#### EXERCISE GOAL:
Locate the line bearing "Vestă pentru bebeluți" in the material below, then reproduce it and each following line up to and including the line bearing "Men's Autumn And".

>>

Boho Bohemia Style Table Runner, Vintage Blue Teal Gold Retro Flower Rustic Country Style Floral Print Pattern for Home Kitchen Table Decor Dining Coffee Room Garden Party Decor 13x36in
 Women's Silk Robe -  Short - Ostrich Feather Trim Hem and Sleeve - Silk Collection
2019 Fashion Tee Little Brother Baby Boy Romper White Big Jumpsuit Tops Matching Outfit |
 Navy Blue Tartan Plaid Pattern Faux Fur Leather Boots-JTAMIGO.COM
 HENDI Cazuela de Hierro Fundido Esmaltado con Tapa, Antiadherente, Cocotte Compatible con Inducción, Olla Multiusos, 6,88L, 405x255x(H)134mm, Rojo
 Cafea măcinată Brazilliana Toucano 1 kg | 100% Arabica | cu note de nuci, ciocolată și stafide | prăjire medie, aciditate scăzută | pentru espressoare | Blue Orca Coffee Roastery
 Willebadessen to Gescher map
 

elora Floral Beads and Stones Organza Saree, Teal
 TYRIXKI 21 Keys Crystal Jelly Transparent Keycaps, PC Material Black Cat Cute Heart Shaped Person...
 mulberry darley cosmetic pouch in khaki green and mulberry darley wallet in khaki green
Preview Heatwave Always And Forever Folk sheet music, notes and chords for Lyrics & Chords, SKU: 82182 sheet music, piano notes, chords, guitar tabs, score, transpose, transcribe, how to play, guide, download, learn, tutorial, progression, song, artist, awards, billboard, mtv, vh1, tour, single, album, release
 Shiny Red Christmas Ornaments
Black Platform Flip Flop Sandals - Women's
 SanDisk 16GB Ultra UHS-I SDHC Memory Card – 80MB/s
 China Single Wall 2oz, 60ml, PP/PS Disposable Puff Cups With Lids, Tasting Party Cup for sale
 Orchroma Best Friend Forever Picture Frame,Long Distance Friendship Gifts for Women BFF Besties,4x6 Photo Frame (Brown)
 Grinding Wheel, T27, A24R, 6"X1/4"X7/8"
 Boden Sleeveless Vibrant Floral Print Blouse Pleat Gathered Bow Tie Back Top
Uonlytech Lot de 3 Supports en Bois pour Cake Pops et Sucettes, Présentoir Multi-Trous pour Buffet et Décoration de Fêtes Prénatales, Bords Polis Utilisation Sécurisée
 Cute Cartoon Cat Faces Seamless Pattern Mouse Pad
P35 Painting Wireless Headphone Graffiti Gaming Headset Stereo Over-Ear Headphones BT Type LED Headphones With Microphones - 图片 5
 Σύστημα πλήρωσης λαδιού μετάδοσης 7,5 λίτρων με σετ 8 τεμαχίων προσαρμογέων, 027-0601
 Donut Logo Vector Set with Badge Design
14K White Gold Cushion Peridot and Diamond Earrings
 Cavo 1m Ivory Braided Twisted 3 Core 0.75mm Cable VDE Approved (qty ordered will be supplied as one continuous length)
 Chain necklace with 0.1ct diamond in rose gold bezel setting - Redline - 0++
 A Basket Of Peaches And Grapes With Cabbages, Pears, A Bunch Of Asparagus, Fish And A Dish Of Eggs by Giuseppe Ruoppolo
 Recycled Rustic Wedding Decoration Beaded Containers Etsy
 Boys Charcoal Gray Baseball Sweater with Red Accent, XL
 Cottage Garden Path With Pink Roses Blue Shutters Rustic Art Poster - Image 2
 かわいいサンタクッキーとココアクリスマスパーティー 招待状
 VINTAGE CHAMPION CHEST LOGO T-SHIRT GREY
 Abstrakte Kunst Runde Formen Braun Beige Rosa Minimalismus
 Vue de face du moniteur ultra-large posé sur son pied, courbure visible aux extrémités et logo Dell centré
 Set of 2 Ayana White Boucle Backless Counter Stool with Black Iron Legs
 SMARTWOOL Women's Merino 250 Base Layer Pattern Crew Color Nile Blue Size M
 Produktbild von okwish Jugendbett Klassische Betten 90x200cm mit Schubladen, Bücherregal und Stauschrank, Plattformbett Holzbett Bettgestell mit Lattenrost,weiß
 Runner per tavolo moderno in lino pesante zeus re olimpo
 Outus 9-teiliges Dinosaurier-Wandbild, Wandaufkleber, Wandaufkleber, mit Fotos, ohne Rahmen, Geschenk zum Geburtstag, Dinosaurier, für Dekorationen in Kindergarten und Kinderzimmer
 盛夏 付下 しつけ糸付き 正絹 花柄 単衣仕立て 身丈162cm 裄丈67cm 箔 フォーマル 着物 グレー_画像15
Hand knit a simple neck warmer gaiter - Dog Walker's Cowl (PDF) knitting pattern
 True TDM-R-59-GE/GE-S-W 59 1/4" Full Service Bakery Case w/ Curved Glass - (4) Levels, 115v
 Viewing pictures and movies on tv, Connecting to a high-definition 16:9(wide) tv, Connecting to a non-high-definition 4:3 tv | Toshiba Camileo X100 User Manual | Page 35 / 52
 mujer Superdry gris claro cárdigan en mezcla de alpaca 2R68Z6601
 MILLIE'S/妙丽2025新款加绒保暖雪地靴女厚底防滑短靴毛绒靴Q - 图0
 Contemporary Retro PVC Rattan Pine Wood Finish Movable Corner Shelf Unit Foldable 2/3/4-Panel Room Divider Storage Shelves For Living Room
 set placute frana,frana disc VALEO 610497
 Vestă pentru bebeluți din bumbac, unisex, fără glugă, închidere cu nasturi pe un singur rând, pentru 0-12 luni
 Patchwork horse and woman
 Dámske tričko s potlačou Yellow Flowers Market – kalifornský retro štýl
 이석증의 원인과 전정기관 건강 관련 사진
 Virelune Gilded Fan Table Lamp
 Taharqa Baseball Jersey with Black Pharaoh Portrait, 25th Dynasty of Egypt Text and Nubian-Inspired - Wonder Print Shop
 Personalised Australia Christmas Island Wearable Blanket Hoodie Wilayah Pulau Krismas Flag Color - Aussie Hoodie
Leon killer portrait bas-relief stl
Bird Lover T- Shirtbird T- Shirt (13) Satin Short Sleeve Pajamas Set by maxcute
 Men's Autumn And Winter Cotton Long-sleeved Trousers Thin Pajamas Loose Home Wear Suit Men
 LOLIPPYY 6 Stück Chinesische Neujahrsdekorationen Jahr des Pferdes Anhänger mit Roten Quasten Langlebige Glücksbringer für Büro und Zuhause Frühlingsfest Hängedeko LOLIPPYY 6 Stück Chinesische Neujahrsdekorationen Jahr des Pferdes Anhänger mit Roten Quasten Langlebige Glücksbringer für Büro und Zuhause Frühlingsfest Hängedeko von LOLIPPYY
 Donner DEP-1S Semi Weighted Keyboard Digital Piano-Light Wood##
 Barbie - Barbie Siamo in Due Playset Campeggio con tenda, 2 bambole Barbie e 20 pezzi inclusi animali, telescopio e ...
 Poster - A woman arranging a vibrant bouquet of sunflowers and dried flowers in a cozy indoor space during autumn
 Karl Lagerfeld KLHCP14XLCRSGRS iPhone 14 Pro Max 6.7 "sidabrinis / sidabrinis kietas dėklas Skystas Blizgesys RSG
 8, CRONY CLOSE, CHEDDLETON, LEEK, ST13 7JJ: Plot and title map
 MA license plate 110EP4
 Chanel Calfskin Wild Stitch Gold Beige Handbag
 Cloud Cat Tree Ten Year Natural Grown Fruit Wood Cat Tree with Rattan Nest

<<

#### ANSWER TO THE PROBLEM:
 Vestă pentru bebeluți din bumbac, unisex, fără glugă, închidere cu nasturi pe un singur rând, pentru 0-12 luni
 Patchwork horse and woman
 Dámske tričko s potlačou Yellow Flowers Market – kalifornský retro štýl
 이석증의 원인과 전정기관 건강 관련 사진
 Virelune Gilded Fan Table Lamp
 Taharqa Baseball Jersey with Black Pharaoh Portrait, 25th Dynasty of Egypt Text and Nubian-Inspired - Wonder Print Shop
 Personalised Australia Christmas Island Wearable Blanket Hoodie Wilayah Pulau Krismas Flag Color - Aussie Hoodie
Leon killer portrait bas-relief stl
Bird Lover T- Shirtbird T- Shirt (13) Satin Short Sleeve Pajamas Set by maxcute
 Men's Autumn And Winter Cotton Long-sleeved Trousers Thin Pajamas Loose Home Wear Suit Men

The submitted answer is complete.